Besides a tax-free death benefit, life insurance offers other advantages such as tax-sheltered growth (to learn why, see How Pink Floyd’s insights on mortality help you). Unfortunately, investing inside life insurance has consequences.

With term life, you can’t invest. With whole life, you can’t choose the investments (among the perils of whole life insurance). With universal life, you pick the investments but face two major drawbacks: limited choice and high investment expenses like mutual funds (see what are you doing about your high investment expenses?).

If only you could invest in the “real world” with options like ETFs, stock, bonds and real estate.


Insured leveraging provides a solution:
  1. Deposit cash into a universal life insurance policy (tax-sheltered growth)
  2. Borrow against the savings (secure collateral that continues to earn tax-sheltered growth)
  3. Invest the proceeds (investment flexibility)
This process allows tax-sheltered growth on the loan collateral, the flexibility of investing in the “real world” and deductions on the loan interest. If your investments earn more than the after-tax cost of the loan, you’re ahead.

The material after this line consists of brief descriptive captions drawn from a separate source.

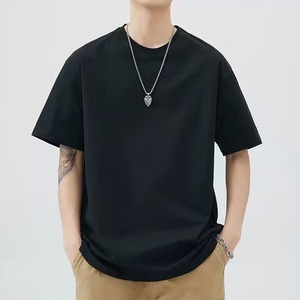 เสื้อยืดผู้ชายผ้าฝ้าย 100% คุณภาพสูง สกรีนโลโก้ได้ตามต้องการ ทรงปกติ ใส่สบาย แห้งเร็ว ระบายอากาศดี เสื้อยืดลำลองไซส์ใหญ่ - Product Image 3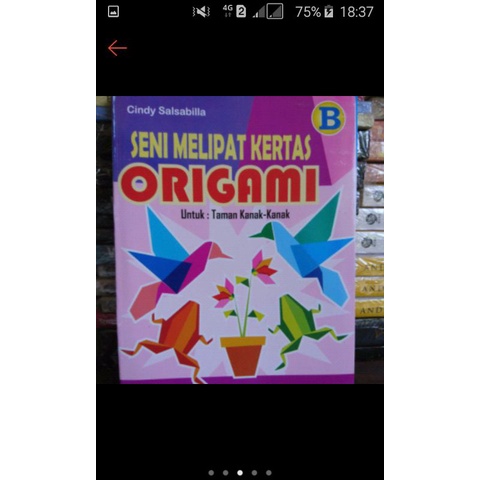 

seni melipat kertas origami B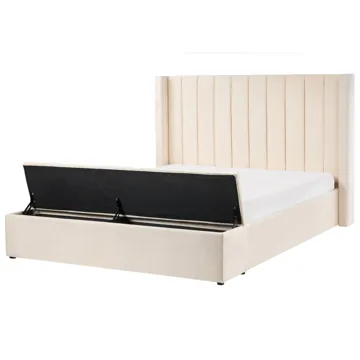 Dobbelseng Noyers 160x200 cm - Off-White - Møbler - Senger - Sengeramme & sengestamme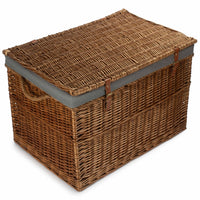Large Light Steamed Wicker Storage Basket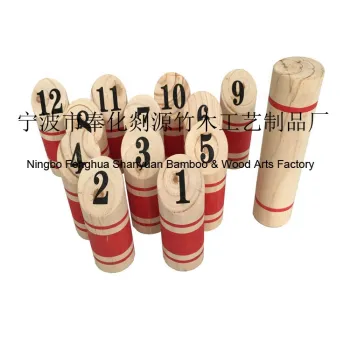 Black Kubb Viking Bowling: The Ultimate Solid Wood Outdoor Sports Game Set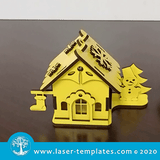 Tiny 3D Christmas House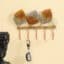 Leaf Wall Hooks for Keys - Lux Leafs Metal 5-Hook Holder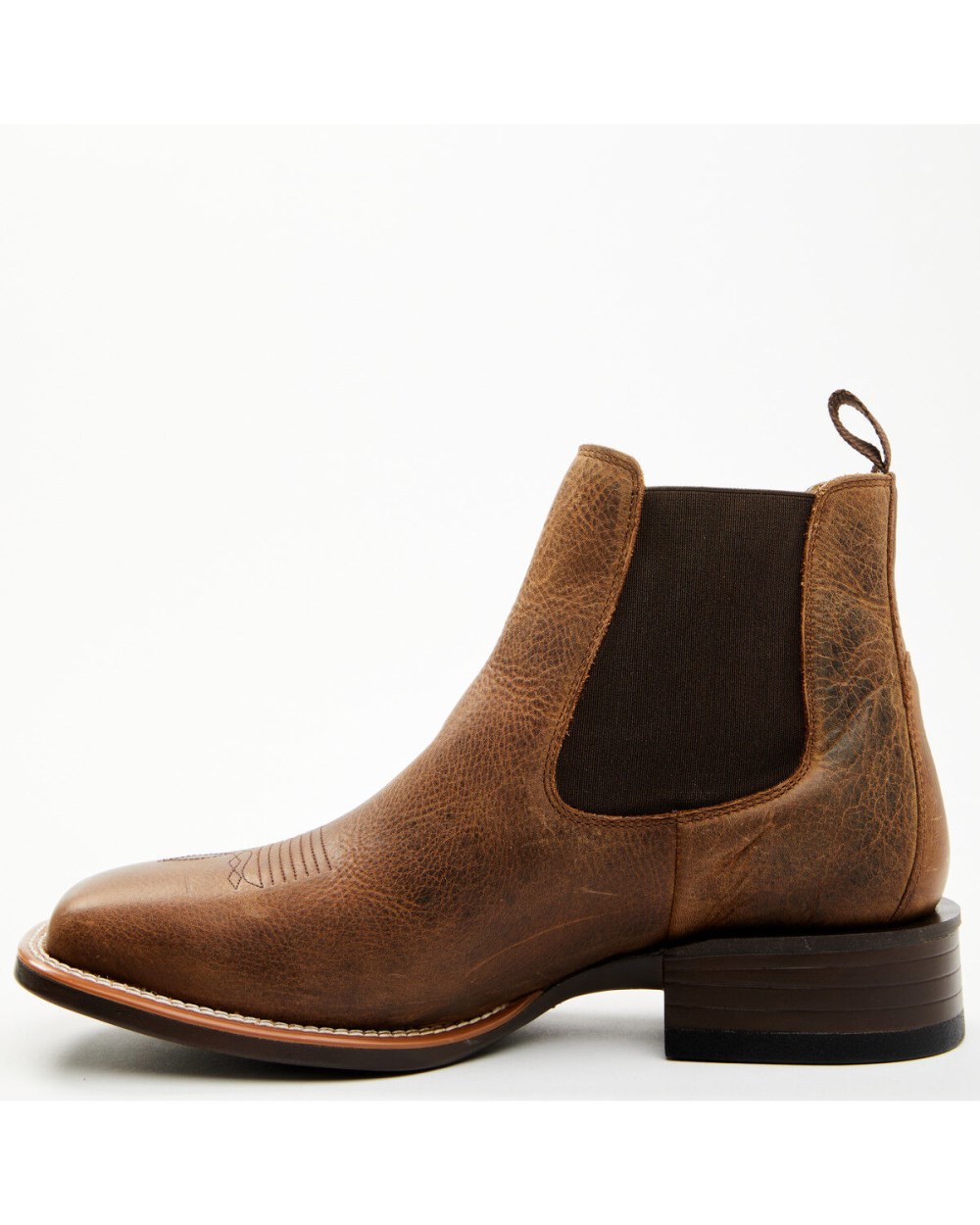 Cody James - Men's Jones Chelsea Boots - Broad Square Toe | Tan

There’s a risk. The gap between what you pay on the loan and earn on the collateral fluctuates. With “10-8 leveraging”, the gap is guaranteed at 2%.

Several insurers introduced “10-8” strategies (RBC Life, BMO Life, National Life, Industrial Alliance, Transamerica). Before becoming independent in 2009, I worked for two. The strategies were endorsed by leading accounting firms and sold by top advisors across Canada.

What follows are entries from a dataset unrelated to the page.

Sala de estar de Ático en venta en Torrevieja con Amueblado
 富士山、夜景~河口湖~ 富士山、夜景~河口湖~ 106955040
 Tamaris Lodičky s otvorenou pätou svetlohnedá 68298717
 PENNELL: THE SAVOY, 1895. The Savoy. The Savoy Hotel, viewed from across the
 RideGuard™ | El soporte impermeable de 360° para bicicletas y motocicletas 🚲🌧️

Insurance products are essentially commodities (similar designs, similar prices, similar compensation). Strategies (packaged solutions to specific needs) offer a competitive advantage to the insurers. Since there are oodles of advisors, the ones who master new strategies have an edge too. Innovation brings rewards.

“10-8” strategies became the flagship offerings for the life insurance sector — much like the S-Class in automobiles (see Mercedes’ next flagship does the commuting for you in Wired, Dec 2012). Few advisors had the skills to sell “10-8” or suitable clients. Even so, the attraction of “10-8” opened conversations. There was demand for presentations that insurance advisors, accountants and clients could understand. Communication became the battleground for innovation.


Strategies which help you can hurt tax collections. The Canada Revenue Agency was unhappy about “10-8” strategies. This lead to legal challenges which ended in 2011:
During the court proceedings, the CRA was forced by the court to produce some documents of its own — material revealing that the CRA, apparently in conflict with some of its public statements, believes that 10/8 products probably conform with the formal requirements of the Income Tax Act, if not its spirit. — CRA rebuked for ‘fishing expedition’ (Investment Executive, Dec 2011)
The future of properly-implemented 10-8 strategies looked good, though Jamie Golombek warned, "We have to wait and see whether Finance issues a comment, announces legislation or just stays out of it." (Investment Executive, Dec 2011)

The 2013 Budget

Two days ago, the March 2013 federal budget proposed changes to eliminate the appeal of “10-8” leveraging and leveraged insured annuities. You’ll find the details in Investment Executive.

The Future

Vast resources were committed to “10-8 leveraging” prior to the introduction and ever since. I invested years and did countless presentations to advisors, accountants and clients. I prepared many proposals too.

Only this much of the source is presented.